Whatever her reasons for altering her outward appearance and persona, she is entitled to her privacy, free to pursue happiness as long as no one else is harmed. Alas, by going public in grand fashion she had to expect some negative attention to go along with the accolades. Of course, in show business, negative attention is better than no attention.
First came the courage awards, followed by the mass furrowing of brows by many of us in what remains of the real world. Historically, heroes are defined by national consensus. Jenner was placed on the middle podium by a relatively small and ridiculously unrepresentative cadre of post-modern, post-sanity, pop-culture mavens. How else are we to explain Jenner beating out people that were exponentially more courageous than she?

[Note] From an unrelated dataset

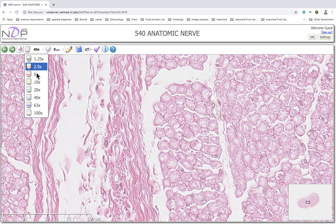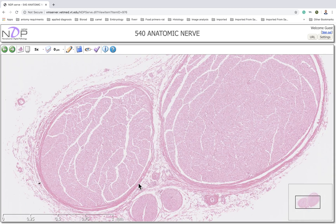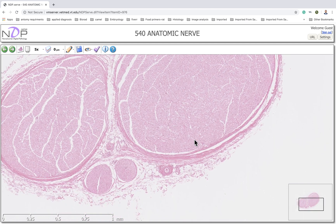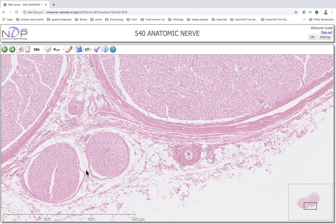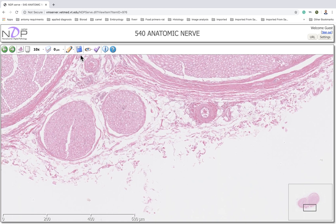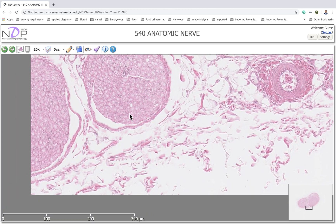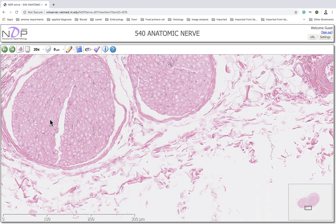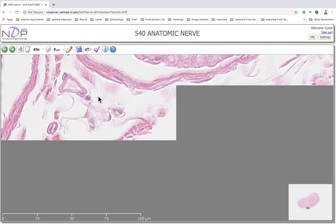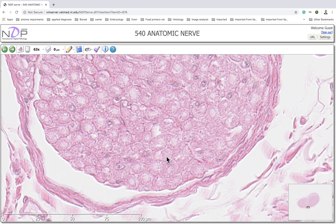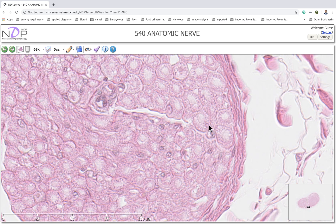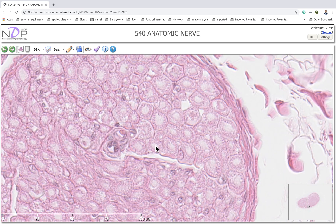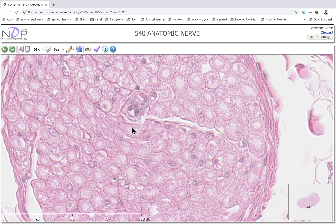Going to higher magnification again, this is the perineurium and this is the perineural space. All of these bundles contain mostly myelinated axons. This area also shows a perineurium with a perineural space. Most of these axons contain the myelin sheath, so most are myelinated axons, and this nerve is called a myelinated nerve.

The argument for courage might have been made more convincingly had she come out 30 years ago, before the manmade social climate change that has led to more tolerance for just about anything. By waiting as long as she did, M? Jenner was able to avoid the slings and arrows suffered by LGBTs during that time. Suddenly, and quite dramatically, she emerges as the heroic titular head of the movement after leading from the safety of the closet. Thanks, Generalissima, but where were you when folks were being tied to fence posts or tormented and bullied to the point of suicide? I cannot understand why the battered warriors of the LGBT movement are not insulted by the adulation heaped upon this Jenny-come-lately. American society is a lot more tolerant of deviations in sexual self-identification than was the case when Jenner became an Olympic hero. Had he come out then, his lucrative career as a motivational speaker likely never would have taken flight. In 2015, deviant is the new normal; anything goes. Just how much courage does it take to come out as LGBT today? Behavior that once was taboo is now en vogue.

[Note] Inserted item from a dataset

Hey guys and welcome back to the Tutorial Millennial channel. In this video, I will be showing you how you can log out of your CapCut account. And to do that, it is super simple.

Jenner’s odd transition raises a few questions, mostly trivial, but at least one that is culturally significant. Jenner the Bruce was married several times, to attractive women, and sired children, leading one to surmise there was sufficient male chemistry to … you know. Is Jenner the Cait a lesbian now, or might she be the 6-foot-2 embodiment of The Kinks’ Lola? Will her sexual preference become a recurring theme on I am Cait? Should we care?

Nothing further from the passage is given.